Isn’t it a strange thing that there are men who will look at rocks as facts and deduce from them the science of geology? They’ll look at stars as facts and deduce from them the science of astronomy. They’ll look at fossils and they will deduce from them the science of paleontology, and write a whole history of mankind before human history began. But those same men will look at Christ the Son of God, the greatest fact in human life, and deduce nothing! They study the heavenly bodies and deduce from them immense corollaries and addenda, but they read nothing in addenda or corollary from the heavenly character, the incarnate Son of God. Man, the greatest fact in human history and the greatest fact in human life and the greatest fact in civilization is the fact of Jesus our Lord. "What shall I do with Jesus who is called the Christ?" [Matthew 27:22].
Then there are those who say, "This shall we do with the Lord Jesus: we shall place Him in the pantheon of the great religionists of the world." And time without number have I seen books that are published on the great religions of the world, and on the front of the book, there will be the picture of Confucius, Gautama the Buddha, and Krishna the avatar of Vishnu, there’ll be a picture of Mohammed, and then in the pantheon there’ll be a picture of the Lord Jesus. Whenever I see that, I think it a confrontation. It’s an insult more to decency than it is to common intelligence. You don’t put Him in a pantheon of religionists. He doesn’t fit there. When you introduce the Lord Jesus, it’s like the Philistine god Dagon who fell down broken in pieces before the ark of the covenant [1 Samuel 5:3-4]; so these so-called great religionists of the world fall down before the matchless Lord Jesus. The difference between them and the Savior is the difference between the darkness of the night and the brilliance of the noonday sun.
Confucius. Confucius was a political philosopher, and he gathered together all of the ancient sayings and lore and political acumen of the Chinese people; he did not believe in God. Confucius.
Gautama the Buddha was a rich scion, who, in the misery of his affluent life, renounced it and gave himself in an attempt to find happiness; and he finally found it, he said, in the denial of all desire. And Nirvana is to him the ultimate goal of all human life: nothingness, nothingness! If we can ever get to the place where there is nothingness, we have come to Nirvana. That is Buddha, Gautama, the enlightened one. He didn’t believe in God, and he didn’t believe in prayer.

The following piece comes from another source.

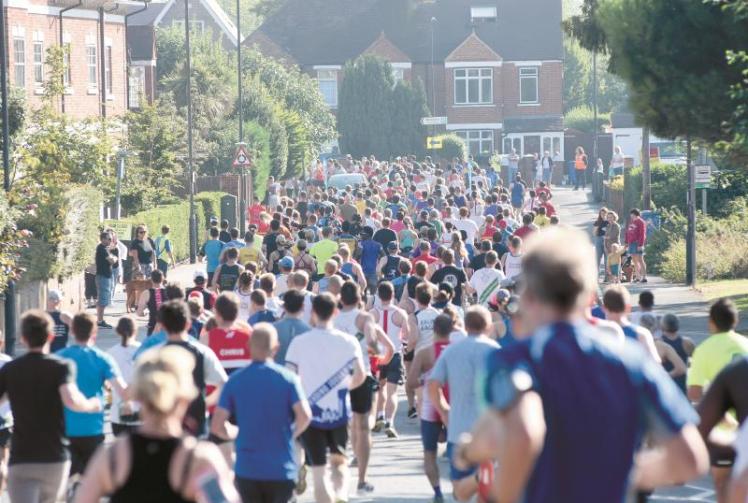 Alexander Devine nurses to take part in upcoming Maidenhead Half Marathon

Krishna, the god of the Hindu, he is an incarnation, the last innate avatar of Vishnu, who is one of three gods: Brahma, Shiva, and Vishnu. It’s a god of sexual fertility, and they worship animals. How are you going to elevate a nation given to Hindu[ism], when every swine is a devil and every cow is a god? The degradation of that idol worship is unspeakable and unthinkable and indescribable! I’ve gone over India: the oppressiveness of the religion of the idol worship of Krishna is beyond anything that the world has ever seen. There is no poverty like the darkness of the Hindu religion.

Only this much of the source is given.